▶ _Recorded information_:
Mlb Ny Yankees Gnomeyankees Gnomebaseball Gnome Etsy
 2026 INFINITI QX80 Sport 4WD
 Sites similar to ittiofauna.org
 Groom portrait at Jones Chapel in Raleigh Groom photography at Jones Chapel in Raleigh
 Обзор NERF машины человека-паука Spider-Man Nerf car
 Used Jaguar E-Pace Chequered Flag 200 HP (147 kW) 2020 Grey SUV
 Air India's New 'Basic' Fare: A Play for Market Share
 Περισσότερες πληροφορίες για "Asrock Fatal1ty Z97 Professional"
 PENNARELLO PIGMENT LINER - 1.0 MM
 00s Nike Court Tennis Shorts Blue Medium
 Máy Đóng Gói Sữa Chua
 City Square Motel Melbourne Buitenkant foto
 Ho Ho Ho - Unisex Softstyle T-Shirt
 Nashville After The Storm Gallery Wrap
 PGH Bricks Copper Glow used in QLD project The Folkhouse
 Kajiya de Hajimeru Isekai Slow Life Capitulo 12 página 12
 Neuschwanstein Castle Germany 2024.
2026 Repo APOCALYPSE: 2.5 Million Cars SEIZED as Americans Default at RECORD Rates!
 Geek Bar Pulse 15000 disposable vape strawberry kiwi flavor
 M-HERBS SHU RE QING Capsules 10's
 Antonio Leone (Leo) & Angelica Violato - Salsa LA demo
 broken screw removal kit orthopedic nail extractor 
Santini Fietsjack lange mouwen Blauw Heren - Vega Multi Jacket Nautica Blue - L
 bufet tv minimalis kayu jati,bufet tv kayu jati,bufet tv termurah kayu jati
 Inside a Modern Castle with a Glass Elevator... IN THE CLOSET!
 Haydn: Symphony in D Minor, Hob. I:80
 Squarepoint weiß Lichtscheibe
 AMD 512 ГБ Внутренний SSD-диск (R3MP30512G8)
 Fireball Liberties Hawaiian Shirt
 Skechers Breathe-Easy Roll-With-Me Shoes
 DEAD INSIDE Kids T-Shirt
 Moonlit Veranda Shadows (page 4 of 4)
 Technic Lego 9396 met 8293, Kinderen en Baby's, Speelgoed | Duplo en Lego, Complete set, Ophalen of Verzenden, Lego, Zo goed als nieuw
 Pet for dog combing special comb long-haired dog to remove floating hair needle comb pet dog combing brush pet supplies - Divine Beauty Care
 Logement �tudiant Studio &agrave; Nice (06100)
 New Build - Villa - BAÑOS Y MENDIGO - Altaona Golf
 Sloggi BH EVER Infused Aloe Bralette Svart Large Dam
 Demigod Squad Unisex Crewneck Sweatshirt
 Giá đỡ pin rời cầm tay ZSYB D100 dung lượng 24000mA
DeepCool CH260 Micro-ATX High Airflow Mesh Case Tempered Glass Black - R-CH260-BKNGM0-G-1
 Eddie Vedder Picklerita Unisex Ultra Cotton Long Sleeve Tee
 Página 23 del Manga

▶ _Work to complete_:
Will you return exactly the lines above from the one with "2026 Repo APOCALYPSE: 2.5" down to the one with "Logement �tudiant Studio", counting both as part of the range?

▶ _Expected output_:
2026 Repo APOCALYPSE: 2.5 Million Cars SEIZED as Americans Default at RECORD Rates!
 Geek Bar Pulse 15000 disposable vape strawberry kiwi flavor
 M-HERBS SHU RE QING Capsules 10's
 Antonio Leone (Leo) & Angelica Violato - Salsa LA demo
 broken screw removal kit orthopedic nail extractor 
Santini Fietsjack lange mouwen Blauw Heren - Vega Multi Jacket Nautica Blue - L
 bufet tv minimalis kayu jati,bufet tv kayu jati,bufet tv termurah kayu jati
 Inside a Modern Castle with a Glass Elevator... IN THE CLOSET!
 Haydn: Symphony in D Minor, Hob. I:80
 Squarepoint weiß Lichtscheibe
 AMD 512 ГБ Внутренний SSD-диск (R3MP30512G8)
 Fireball Liberties Hawaiian Shirt
 Skechers Breathe-Easy Roll-With-Me Shoes
 DEAD INSIDE Kids T-Shirt
 Moonlit Veranda Shadows (page 4 of 4)
 Technic Lego 9396 met 8293, Kinderen en Baby's, Speelgoed | Duplo en Lego, Complete set, Ophalen of Verzenden, Lego, Zo goed als nieuw
 Pet for dog combing special comb long-haired dog to remove floating hair needle comb pet dog combing brush pet supplies - Divine Beauty Care
 Logement �tudiant Studio &agrave; Nice (06100)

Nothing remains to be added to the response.